THE TASK
In the entries that follow, how many lines contain "Front"? Please reply with only the number.
[RECORDS FOR THIS EXERCISE — start]
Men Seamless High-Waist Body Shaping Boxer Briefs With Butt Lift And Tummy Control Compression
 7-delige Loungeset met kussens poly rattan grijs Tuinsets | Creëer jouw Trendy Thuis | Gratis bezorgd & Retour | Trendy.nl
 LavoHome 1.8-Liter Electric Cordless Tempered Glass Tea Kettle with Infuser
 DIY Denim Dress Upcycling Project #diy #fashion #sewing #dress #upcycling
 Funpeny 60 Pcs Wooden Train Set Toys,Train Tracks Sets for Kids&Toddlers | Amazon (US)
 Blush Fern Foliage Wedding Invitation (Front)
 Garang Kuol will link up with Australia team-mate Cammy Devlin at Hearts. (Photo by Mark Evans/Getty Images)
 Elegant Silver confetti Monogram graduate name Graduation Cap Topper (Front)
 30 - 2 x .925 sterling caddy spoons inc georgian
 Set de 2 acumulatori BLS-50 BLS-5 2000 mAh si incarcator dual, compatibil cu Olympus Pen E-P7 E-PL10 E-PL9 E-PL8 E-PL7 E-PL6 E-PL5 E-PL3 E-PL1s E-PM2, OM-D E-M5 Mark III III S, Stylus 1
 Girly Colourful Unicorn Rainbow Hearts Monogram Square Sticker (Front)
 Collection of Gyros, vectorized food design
[RECORDS FOR THIS EXERCISE — finish]
OUTPUT BELOW
3